Two years ago, I wrote about my annual bad day. I hoped it would fade into the background. This year marks twenty-two years since the event that changed who I was forever. And, my annual bad day looms in front of me once again.

This year I tried to pretend it wasn't approaching, but I failed. Even when I try to forget, my body reminds me. In the days preceding my annual bad day, my skin grows more sensitive, my muscles tense, sleep is elusive and then all-consuming, my brain replays images in my dreams, and my focus suffers.

Emotionally, I become more sensitive. I feel things more intensely. My feelings are hurt more easily. I become a bit melancholy. I struggle to not feel overwhelmed by the sense of betrayal, or at least the memories of the sense of betrayal. It all floods back, and I am filled with anger, sadness, and even regret even though I know I am well over blaming myself for someone else's actions.

Meditation, yoga, and focusing on gratitude fail to give me complete relief from the physical or the emotional effects, but they do help me get through the days. The only thing that relieves the effects of my annual bad day is time.

Perhaps if I didn't have an innate urge to fight my annual bad day every year, I could find a way to get through it easier. Accepting it might make it go easier on me, but it's not in my nature to not fight against things that I don't like. So, I don't expect to embrace the idea of just accepting that this day is forever going to be my annual bad day. I don't want to accept it. That feels like giving up hope, and I don't give up hope.

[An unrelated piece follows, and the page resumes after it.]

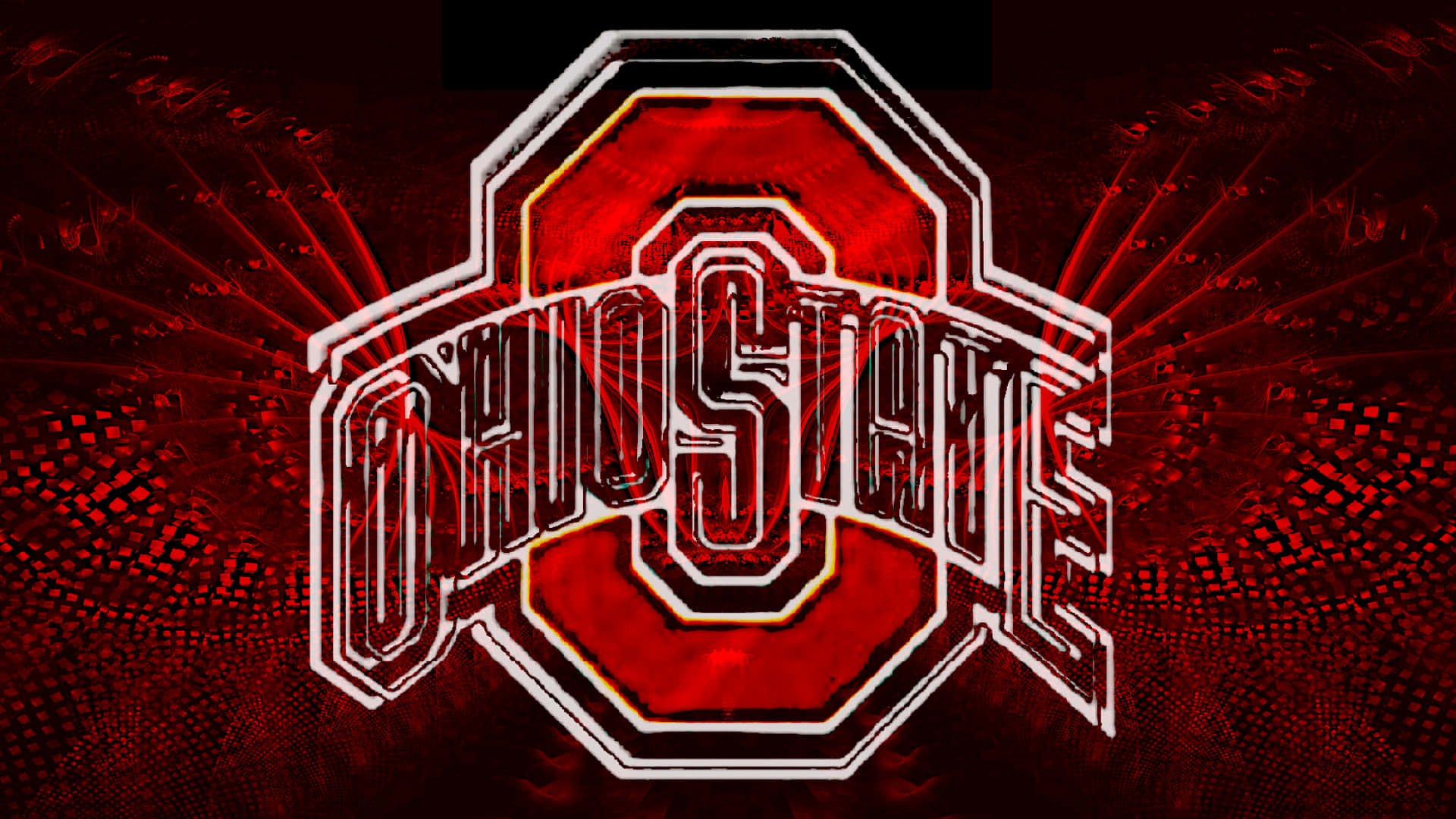 Dashing Ohio State Football Logo Background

Someday my annual bad day will just be another day of the year... It may not happen until after I'm dead, but someday it will be.

No one but me remembers my annual bad day not even those closest to me. I'm not sure if that's a good thing or a heartbreaking thing. If they remembered, they might ask me about it. On the other hand, if they remembered, they might do something nice for me. But, I don't risk it. In all honesty, I'm not even sure that someone doing something nice for me would be a good thing. I've talked before about how doing something fun felt like celebrating something that shouldn't be celebrated, so a part of me feels like someone doing something nice for me on that day would feel the same way. It's convoluted, but isn't that what annual bad days are - convulated remembrances of the worst things that happen in our lives driving us to rethink who we were and who we are.

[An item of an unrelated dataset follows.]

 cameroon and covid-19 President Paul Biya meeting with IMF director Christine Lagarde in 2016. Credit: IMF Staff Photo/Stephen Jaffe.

Yet this year feels different somehow. I can't force myself to go numb. I've written poems that are more detailed than ever. I released poems addressing it in Reflections in Silhouette: Poems. Still, in some ways, I feel more alone than ever. Years ago I closed, locked, padlocked, deadbolted, broke the key in the lock and concreted in the emotions I didn't want to feel. I welcomed and embraced the numbness for a long time. It was oddly comforting at first. Yet, when I let my guard down, when I was alone, the emotions would trickle under the door and through the keyhole.

At some point I stopped hiding from my emotions. I unlocked that door and then blew it off its hinges. I started feeling again. I started remembering again.A lot of the things I thought I resolved years ago started surfacing. So this year as my annual bad day approaches I find myself wishing I could return to numbness...

No matter how deeply I've buried what happened, it always bleeds in to my work. The experience, the emotions, the memories, and the results all find their way into the words that make up my body of writing. Poems, novels, short stories, etc. all echo tones of the lessons learned as well as the feelings of victimization and survivorship. Weakness and strength, pain and triumph, friendship and betrayal, love and hate all weave together to inform my writing as I work through my demons. I only hope they also enrich my writing in order to help other people.

So, even as I see my annual bad day approaching, I struggle to find a way to take the negative effects on me and turn them into something someone else can find comfort and inspiration in. If you have an anuual bad day, please know many of us do for a variety of reasons. We, like you, just tend to keep quiet about them. We all try to leave the past in the past where it belongs no matter how much it bleeds into our current days even if only in the lessons we've learned...

While I don't think I'll ever be grateful for my annual bad day or the event that created it, I can, most days, find it in my heart to be grateful for the lessons I learned about myself and others from the experience. I hope, if you have an annual bad day, you can someday reach that point, too.